## What the task asks
The reply to the records below should contain exactly the lines from the line with "ประท้วงฮ่องกง Hong Kong" through the line with "Snapshot of muscularmaster", and nothing besides.

-- Opening Marker --

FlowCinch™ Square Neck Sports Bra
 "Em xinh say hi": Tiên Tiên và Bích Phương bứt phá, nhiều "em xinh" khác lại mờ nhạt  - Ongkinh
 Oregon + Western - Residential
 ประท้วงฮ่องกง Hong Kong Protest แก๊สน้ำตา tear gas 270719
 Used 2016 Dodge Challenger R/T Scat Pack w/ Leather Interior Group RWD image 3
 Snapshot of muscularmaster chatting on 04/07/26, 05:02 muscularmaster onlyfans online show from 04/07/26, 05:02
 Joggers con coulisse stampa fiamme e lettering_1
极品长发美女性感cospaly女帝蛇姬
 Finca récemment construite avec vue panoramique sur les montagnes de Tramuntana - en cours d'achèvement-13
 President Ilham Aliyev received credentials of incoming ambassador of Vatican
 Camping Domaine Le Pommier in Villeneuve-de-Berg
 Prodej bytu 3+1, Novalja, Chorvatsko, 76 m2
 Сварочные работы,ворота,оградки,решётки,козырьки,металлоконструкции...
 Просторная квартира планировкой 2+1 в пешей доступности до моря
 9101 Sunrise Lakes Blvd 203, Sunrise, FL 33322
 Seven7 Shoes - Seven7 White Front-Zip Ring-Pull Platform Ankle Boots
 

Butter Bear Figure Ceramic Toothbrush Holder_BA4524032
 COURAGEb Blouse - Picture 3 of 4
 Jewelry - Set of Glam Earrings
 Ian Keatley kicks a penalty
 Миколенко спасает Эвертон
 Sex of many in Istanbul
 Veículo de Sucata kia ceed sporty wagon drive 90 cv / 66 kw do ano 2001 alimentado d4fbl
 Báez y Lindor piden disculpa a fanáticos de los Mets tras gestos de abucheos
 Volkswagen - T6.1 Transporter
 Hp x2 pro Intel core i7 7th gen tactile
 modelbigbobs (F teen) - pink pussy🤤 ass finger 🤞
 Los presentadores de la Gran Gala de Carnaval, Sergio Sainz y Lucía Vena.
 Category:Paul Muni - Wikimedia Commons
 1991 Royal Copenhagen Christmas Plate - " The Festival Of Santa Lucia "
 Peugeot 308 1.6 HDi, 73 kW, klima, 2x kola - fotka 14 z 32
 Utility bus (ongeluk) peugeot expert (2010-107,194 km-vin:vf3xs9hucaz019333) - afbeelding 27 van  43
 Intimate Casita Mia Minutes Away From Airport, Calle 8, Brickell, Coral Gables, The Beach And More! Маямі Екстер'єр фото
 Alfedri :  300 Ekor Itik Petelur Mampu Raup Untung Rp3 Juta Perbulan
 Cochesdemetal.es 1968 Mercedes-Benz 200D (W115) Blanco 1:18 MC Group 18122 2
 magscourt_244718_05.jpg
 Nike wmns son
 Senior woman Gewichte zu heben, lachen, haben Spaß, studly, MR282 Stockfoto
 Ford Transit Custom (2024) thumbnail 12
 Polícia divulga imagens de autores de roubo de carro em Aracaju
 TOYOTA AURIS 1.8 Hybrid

-- Closing Marker --

## Answer to this problem
 ประท้วงฮ่องกง Hong Kong Protest แก๊สน้ำตา tear gas 270719
 Used 2016 Dodge Challenger R/T Scat Pack w/ Leather Interior Group RWD image 3
 Snapshot of muscularmaster chatting on 04/07/26, 05:02 muscularmaster onlyfans online show from 04/07/26, 05:02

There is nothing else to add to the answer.